Monitoring

Effective monitoring is essential for maintaining a healthy Citrate node, whether you are running a validator, miner, model host, or oracle. We consider this a non-negotiable part of any production setup. This guide covers the full monitoring stack: Prometheus metrics collection, Grafana visualization, alerting rules for critical events, log management, and health check endpoints.

Prometheus Metrics

The Citrate client (citrated) exposes a Prometheus-compatible metrics endpoint. Enable it in your configuration:

# In ~/.citrate/config.toml
[metrics]
enabled = true
prometheus_addr = "0.0.0.0:9100"
metrics_prefix = "citrate"

Configure Prometheus to scrape your node by adding a job to prometheus.yml:

# prometheus.yml
global:
  scrape_interval: 15s
  evaluation_interval: 15s
 
scrape_configs:
  - job_name: "citrate-node"
    static_configs:
      - targets: ["localhost:9100"]
 
  - job_name: "citrate-serve"
    static_configs:
      - targets: ["localhost:9101"]
    # Only needed if running a model host

Key metrics exposed by citrated:

Metric	Type	Description
`citrate_chain_head_block`	Gauge	Current chain head block number
`citrate_chain_sync_progress`	Gauge	Sync progress (0.0 to 1.0)
`citrate_p2p_peers`	Gauge	Number of connected peers
`citrate_consensus_votes_cast`	Counter	Total BFT votes cast (validators)
`citrate_consensus_votes_missed`	Counter	Total BFT votes missed (validators)
`citrate_mining_blocks_produced`	Counter	Total blocks produced (miners)
`citrate_mining_blue_blocks`	Counter	Blue blocks produced (miners)
`citrate_mining_hashrate`	Gauge	Current hashrate (hashes/sec)
`citrate_inference_requests_served`	Counter	Inference requests served (model hosts)
`citrate_inference_latency_ms`	Histogram	Inference latency distribution
`citrate_oracle_attestations`	Counter	Attestations submitted (oracles)
`citrate_gpu_temperature_celsius`	Gauge	GPU temperature (model hosts)
`citrate_gpu_utilization_percent`	Gauge	GPU utilization percentage

Grafana Dashboards

Import the official Citrate Grafana dashboards for pre-built visualizations.
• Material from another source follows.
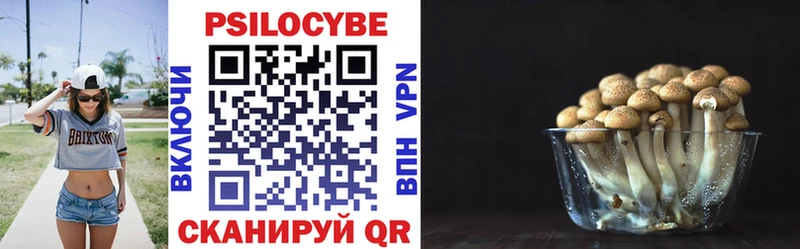 где найти наркотики  Дрезна  Псилоцибиновые грибы прущие грибы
Download the dashboard JSON files and import them through the Grafana UI.

Download the official dashboards:

curl -L https://releases.cnidarian.cloud/monitoring/grafana-dashboards.tar.gz -o dashboards.tar.gz

Extract them into your Grafana dashboards directory:

tar -xzf dashboards.tar.gz -C /var/lib/grafana/dashboards/

Available dashboards:

Node Overview -- sync status, peer count, resource usage, uptime
Validator Performance -- vote participation, missed votes, slashing events, rewards
Mining Dashboard -- hashrate, block production, blue/red ratio, earnings
Inference Serving -- request rate, latency percentiles, GPU usage, fee revenue
Oracle Monitoring -- attestation rate, latency, chain connectivity, fee accumulation

Each dashboard includes template variables for filtering by node name, time range, and specific metrics.

Alerting Rules

Configure Prometheus alerting rules to notify you of critical events before they cause slashing or revenue loss.

# alerting_rules.yml
groups:
  - name: citrate_node
    rules:
      - alert: NodeOutOfSync
        expr: citrate_chain_sync_progress < 0.99
        for: 5m
        labels:
          severity: critical
        annotations:
          summary: "Citrate node is out of sync"
          description: "Node sync progress is {{ $value }} (expected > 0.99)"
 
      - alert: LowPeerCount
        expr: citrate_p2p_peers < 5
        for: 2m
        labels:
          severity: warning
        annotations:
          summary: "Low peer count: {{ $value }} peers"
 
  - name: citrate_validator
    rules:
      - alert: MissedVotes
        expr: rate(citrate_consensus_votes_missed[5m]) > 0.1
        labels:
          severity: critical
        annotations:
          summary: "Validator is missing BFT votes"
 
      - alert: HighMissRate
        expr: >
          citrate_consensus_votes_missed
          / (citrate_consensus_votes_cast + citrate_consensus_votes_missed)
          > 0.05
        for: 10m
        labels:
          severity: warning
        annotations:
          summary: "Vote miss rate above 5%"
 
  - name: citrate_model_host
    rules:
      - alert: HighInferenceLatency
        expr: histogram_quantile(0.95, citrate_inference_latency_ms) > 5000
        for: 5m
        labels:
          severity: warning
        annotations:
          summary: "P95 inference latency exceeds 5 seconds"
 
      - alert: GPUOverheating
        expr: citrate_gpu_temperature_celsius > 85
        for: 1m
        labels:
          severity: critical
        annotations:
          summary: "GPU temperature is {{ $value }}C"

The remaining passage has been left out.